Tras su liberación, mi abuelo Manuel no llegó a recuperarse nunca de su estancia en la cárcel, de la que salió con una enfermedad pulmonar que sería causa de su muerte. Murió un tiempo después, en 1945, a los cuarenta y cinco años, dejando una esposa viuda con dos hijos de dieciocho y diecisiete años. Tras su fallecimiento, mi abuela, exhausta, estuvo muy enferma. La ayuda de un amigo de la infancia, Juan Antonio Parera, al cual mi familia siempre estará agradecida, les sirvió para mantenerse y encontrar ocupaciones con las que sobrevivir y costearse la existencia, primero a mi padre y con posterioridad, una vez restablecida, mi abuela y mi tía.

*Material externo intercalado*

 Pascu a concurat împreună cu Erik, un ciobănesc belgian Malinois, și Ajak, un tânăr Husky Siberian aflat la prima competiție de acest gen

Los años pasaron; cada uno, una losa. Y no es difícil imaginar los motivos por los cuales sus afanes líricos quedaron en un segundo plano. Posteriormente, María Luisa retomaría el contacto con el mundo cultural ocupando un puesto en el Ateneo de Madrid, y hasta ahí puedo contar de su trayectoria. Es cierto que, tras la muerte de mi abuelo Manuel, y probablemente antes, mi abuela continuó su producción literaria, pero siempre sin editar sus escritos. Sinceramente, no tengo muy claros los motivos por los cuales nunca se decidió a publicar de nuevo, pero sospecho que están relacionados con ese miedo a la pérdida que los años grises grabaron en ella. Esa sensación de persecución, debida a las circunstancias en las que se produjo el encarcelamiento de mi abuelo, influyó en decisión de no publicar nada durante los años del franquismo, por temor a verse expuesta y quizá censurada. Después, durante la transición, seguramente ya no encontró las fuerzas o los recursos suficientes: me consta que las ganas no las perdió nunca. Había perdido otras muchas cosas.

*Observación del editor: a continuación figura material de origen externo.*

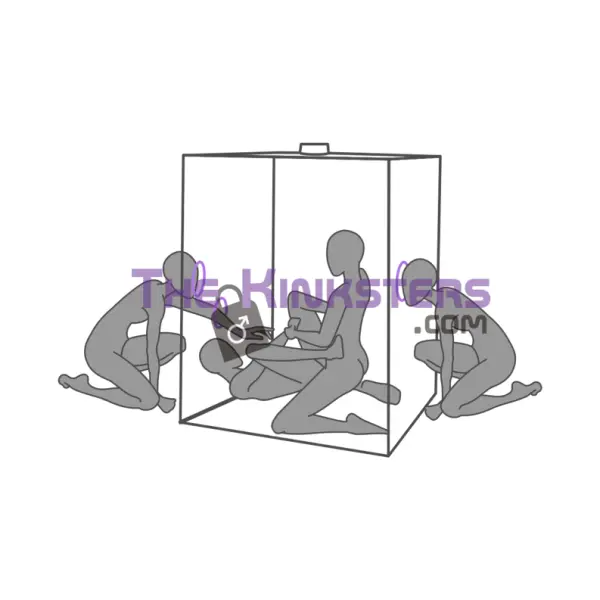 Secret Dome Scandale Giant Bondage Box Purple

Algo que me interesaba particularmente de mi abuela fueron sus relaciones dentro del mundo literario: a su amistad con los poetas canarios ya mencionados, se ha de añadir la que mantuvo con algunos de los nombres más representativos de la lírica hispana, como por ejemplo Jorge Guillén, Alfonsina Storni, Rafael Alberti, Juana de Ibarbouru entre otros. Durante toda su vida mantuvo contacto epistolar con algunas de estas figuras que se encuentran entre las más prestigiosas de la literatura, pero no me consta que formara parte de grupos culturales que posteriormente se conocieron como Generación del 27, o Generación del 36, o de un grupo de mujeres del que, por su condición de mujer y vanguardista, bien podría haber formado parte: Las Sinsombrero (como otras poetisas ilustres como Ernestina de Champourcín o su propia amiga Josefina de la Torre).
Sin embargo, estas amistades no le sirvieron de mucho a la hora de lanzarse a volver a publicar, y sus escritos quedaron para ser leídos solo por sus hijos. Murió en 1991 con esa inmensa carga, que pasó a hombros de mi tía Patricha, hasta hoy.